Be sure to visit the grand Movies, Silently where host, Fritzi has gathered an impressive array of sleuths – from professional private eyes to amateur, interested parties.  You name it and this Sleuthathon is sure to feature it.  In fact, I think I’m going to ask Fritzi to lend me a sleuth to help me decipher the plot of Meet the Killer.


If you’re an Abbott and Costello fan, be sure to “like” their official Facebook page, Who’s on First? Abbott and Costello and sign up to receive the Abbott and Costello free, monthly e-newsletter.  To request the e-newsletter simply send an email to: –  Both are curated by Chris Costello, Lou’s daughter.

16 thoughts

  1. “The culprit and the murderer are the same!” Got it! I am now ready to go forth and sleuth.

    Bud and Lou can be a lot of fun. Not all of their movies work 100% of the time, but it’s those moments worth waiting for that makes them welcome. Hey, they got Boris, they got me. Grand place to take us on the sleuthathon.

  2. This film is very funny. I loved the scene in the steam bath and also the mechanisms installed in the bedroom to hit the killer in the end.
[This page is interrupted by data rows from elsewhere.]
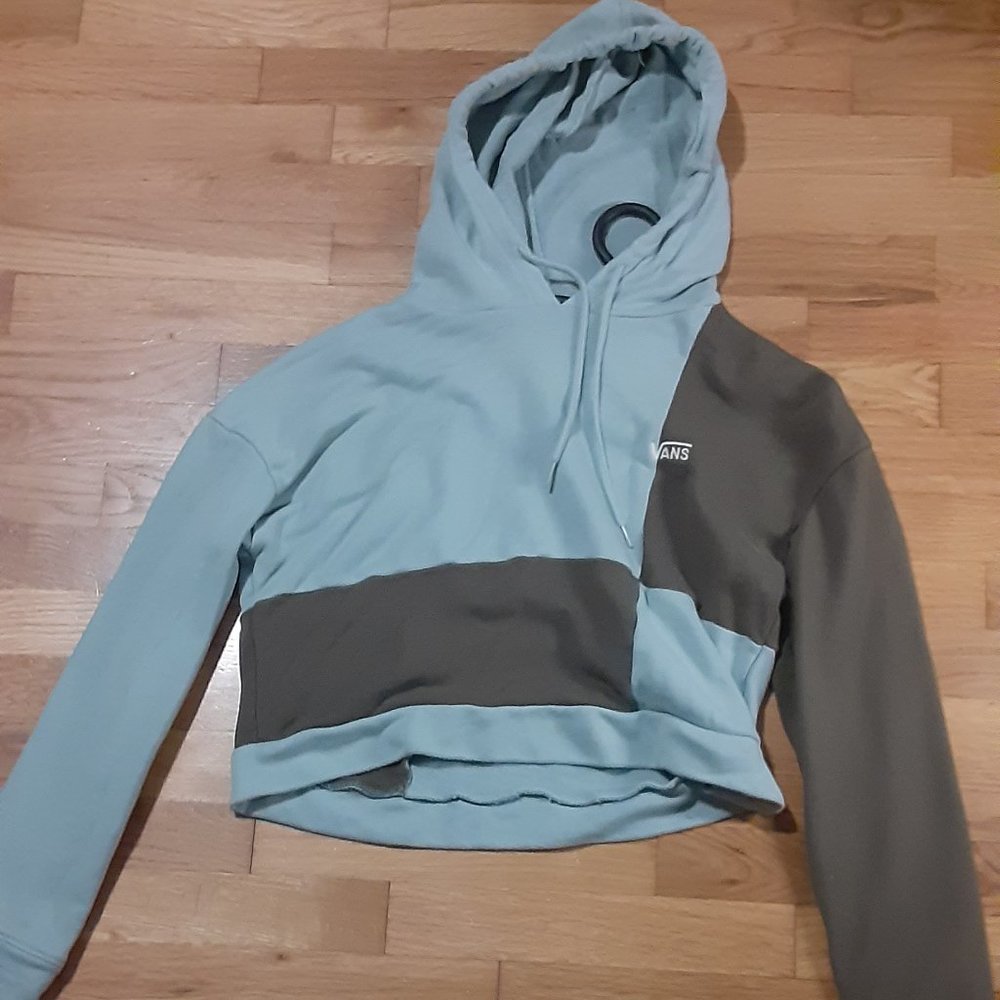 Super cute and comfy vans sweatshirt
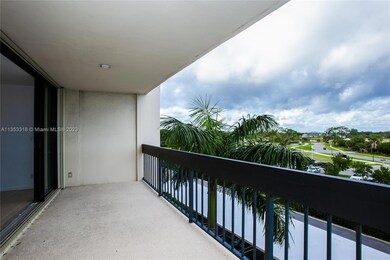 Lincoln Tower unit 4030, West Palm Beach, FL 33401 - photo 4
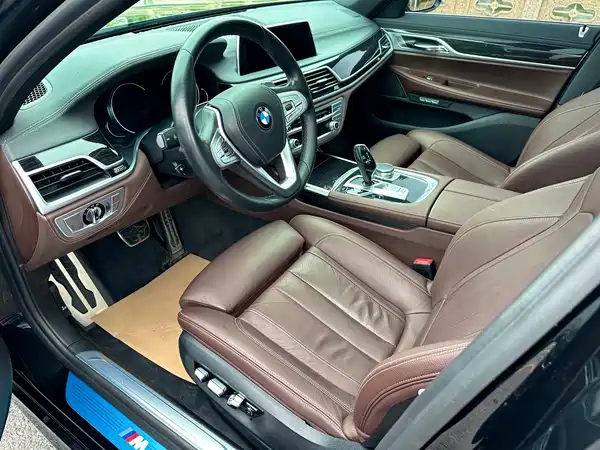 BMW 7 Series 2018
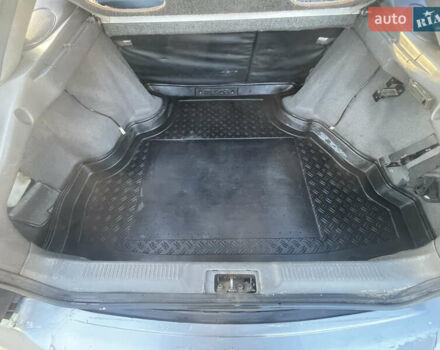 Сірий Мазда 626, об'ємом двигуна 2 л та пробігом 300 тис. км за 2350 $, фото 6 на Automoto.ua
A laugh-out-loud movie, for sure!
    Don’t forget to read my contribution to the blogathon! 🙂

  3. What a fun review! I will try not to let the sloppy habits of our heroes damage my sleuthing skills 😉
    A shame Mr. Karloff was not allowed to be the killer. I do so adore him as a monster.

  4. I am a big fan of Bud & Lou, so anytime they are on screen I can’t help but giggle. even when it’s not their best, they still manage to win me over – as did your fun post! I’m not sure I’d like to go sleuthing with them, but I sure like watching them!

  5. Almost “steamed to death”? This I have to see. I love the thought of these comic pros still being able to surprise one another. As a fan of films in which the comedy trumps the mystery, I’ll have to give this one a try. Thanks! Leah

  6. I’m ashamed to admit I haven’t seen this one yet, although I’m a big Karloff fan. I really enjoyed Abbott and Costello Meet Frankenstein, but I suppose I’ll have to dial down my expectations a notch. Nice review!

  7. This looks fantastic! (Can’t believe I’ve never seen it.) What’s not to love about A&C?

    On a totally unrelated note, I have always wanted to try one of those steam boxes like Costello is shown in, above.

  8. I have always loved A&C. Every single time, they crack me up. Costello was a genius in physical comedy & timing. But Abbott was no slouch either- it’s not as easy as it looks to play a really good ‘straight guy.’ But this pairing with Karloff is a blast because it appeals to my love of the ole Universal monster flicks too! It’s been a long time since I’ve seen this one so I’d love to see it again. Great piece, Aurora!

  9. Reblogged this on the last drive in and commented:
    Aurora has put together two very treasured items, the comedic genius of Abbott & Costello and the guy I wish was my grandfather Boris Karloff – Always witty, and entertaining as can be- read Once Upon A Screen’s take on Abbott and Costello Meet the Killer, Boris Karloff-Cheers Aurora

  10. ‘He’s not one to follow the letter of the law nor care about ethics’: funny, this line could be applied to quite a lot of the characters that have emerged out of the Sleuthathon, but none deal with the genre in such a witty style as Abbott and Costelllo. I love that you mentioned about the ad-libbing – this is something I had suspected but was never sure about. In my opinion, the word ‘caper’ might have been invented just to Meet The Killer.
    Thanks for a great post Aurora!

  11. Of course, let’s not forget their original medium (Outside the Burlesque stage, “naturally!”) of Radio! CHEERS!

  12. Spoiler alert: the killer is mr melton the hotel manager portrayed by alan mowbray. He was stealing from mr Crandall the hotel owner and Amos Strickland was investigating and he was killed by melton.